Aucun bénéfice pour l’outre-mer

Un rapport décortique le système mis en place par le gouvernement

10 novembre 2003

La continuité territoriale continue à faire parler d’elle. Après les grandes discussions au moment de la loi de programme, puis le recours devant le Conseil constitutionnel, les mouvements des Domiens dans leurs îles, les actions des originaires des DOM en France et principalement à Paris, les déclarations faites lors du vote du budget ’outre-mer’ à l’Assemblée nationale, les deux propositions de loi déposées à ce sujet par deux groupes de députés, voilà que c’est maintenant au tour du Sénat de se pencher sur la question.
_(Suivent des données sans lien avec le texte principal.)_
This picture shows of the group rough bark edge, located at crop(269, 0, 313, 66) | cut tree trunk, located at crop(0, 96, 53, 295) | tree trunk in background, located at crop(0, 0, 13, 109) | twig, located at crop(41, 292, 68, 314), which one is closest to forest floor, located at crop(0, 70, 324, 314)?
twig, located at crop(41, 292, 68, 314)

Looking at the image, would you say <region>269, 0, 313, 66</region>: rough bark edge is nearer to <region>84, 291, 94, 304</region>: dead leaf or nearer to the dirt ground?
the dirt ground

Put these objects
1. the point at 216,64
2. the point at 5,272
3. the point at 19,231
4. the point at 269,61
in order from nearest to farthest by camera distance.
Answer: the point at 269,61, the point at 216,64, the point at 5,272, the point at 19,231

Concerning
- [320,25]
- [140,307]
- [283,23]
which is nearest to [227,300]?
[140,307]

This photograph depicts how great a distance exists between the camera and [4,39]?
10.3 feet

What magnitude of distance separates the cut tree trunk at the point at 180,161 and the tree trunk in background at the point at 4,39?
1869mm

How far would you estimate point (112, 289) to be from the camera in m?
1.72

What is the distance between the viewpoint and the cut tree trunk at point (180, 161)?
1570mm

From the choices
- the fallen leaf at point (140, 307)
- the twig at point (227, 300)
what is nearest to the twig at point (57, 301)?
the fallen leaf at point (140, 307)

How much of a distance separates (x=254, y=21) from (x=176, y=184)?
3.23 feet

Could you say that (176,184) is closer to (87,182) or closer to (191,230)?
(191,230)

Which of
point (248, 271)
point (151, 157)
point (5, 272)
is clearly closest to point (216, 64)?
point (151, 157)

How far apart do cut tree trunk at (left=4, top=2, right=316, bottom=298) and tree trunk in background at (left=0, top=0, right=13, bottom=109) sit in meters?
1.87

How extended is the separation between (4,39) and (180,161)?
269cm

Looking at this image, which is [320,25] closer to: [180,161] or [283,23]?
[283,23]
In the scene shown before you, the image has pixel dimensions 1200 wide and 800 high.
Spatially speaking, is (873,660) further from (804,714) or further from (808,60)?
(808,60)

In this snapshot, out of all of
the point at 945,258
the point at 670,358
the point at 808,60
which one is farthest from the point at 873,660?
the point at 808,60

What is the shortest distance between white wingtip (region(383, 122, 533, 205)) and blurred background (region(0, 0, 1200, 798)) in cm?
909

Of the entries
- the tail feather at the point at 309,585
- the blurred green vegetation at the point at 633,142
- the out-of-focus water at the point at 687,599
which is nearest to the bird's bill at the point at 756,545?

Le dispositif mis en place par le gouvernement est décortiqué par un sénateur qui estime que la construction budgétaire était « complexe », « juridiquement incertaine » et « économiquement contestable » tout cela faisant que « les bénéfices de la continuité territoriale sont presque annulés »...

Le sénateur Du Luart, dans son rapport sur l’outre-mer, rappelle que le coût global de la continuité territoriale est estimé à « 30 millions d’euros en rythme annuel ». Mais il précise tout aussitôt que la mise en œuvre de ce dispositif est rendue complexe par l’article 53 du projet de loi de finances.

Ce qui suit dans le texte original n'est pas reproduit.